The state Department of Natural Resources and PolyMet are challenging a ruling by the Minnesota Court of Appeals that canceled three major permits for the project.

PolyMet’s NorthMet project would be an open-pit mine on Wetlands at the site of an old taconite mine near Babbitt, Minn. It is in the headwaters of the St. Louis River, the largest tributary to Lake Superior, upstream from Duluth and the Fond du Lac reservation, the Star Tribune reported.

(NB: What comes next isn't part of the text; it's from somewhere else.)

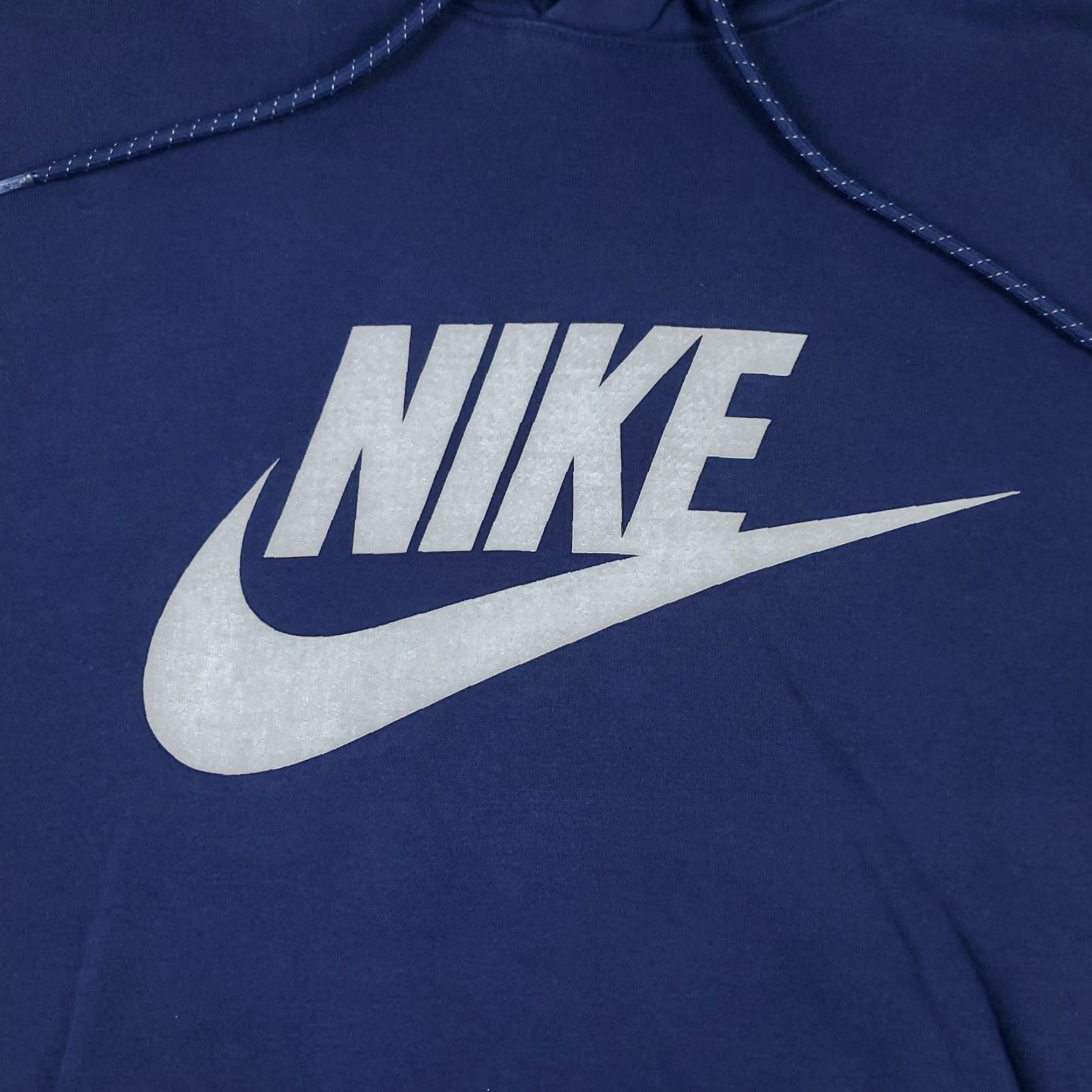 Nike VINTAGE Nike Hoodie Pullover Mens Medium Blue Logo Sweatshirt Athletic Sportswear Size US M / EU 48-50 / 2 - 2 Thumbnail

The appeals court ruled in January that the state agency should have conducted a “contested case hearing,” a trial-like proceeding on the project’s environmental impacts, before it issued PolyMet a permit to mine and two dam safety permits.

The court sent the case back to the DNR to conduct that proceeding, which could mean a lengthy delay. The appeals court also ruled that the DNR erred by not setting a fixed time period for the permit to mine.

Environmental groups fighting the project contend that the DNR failed to follow state law when it decided in 2018 that a contested case hearing on the permits was not necessary to resolve disputed issues.

But the DNR and PolyMet argue that the agency conducted an extensive environmental review and permitting process over 11 years, and that it met all the legal requirements, so there’s no need for further proceedings. They say the Court of Appeals misconstrued the controlling statutes. And they’re asking the Supreme Court to reinstate those permits.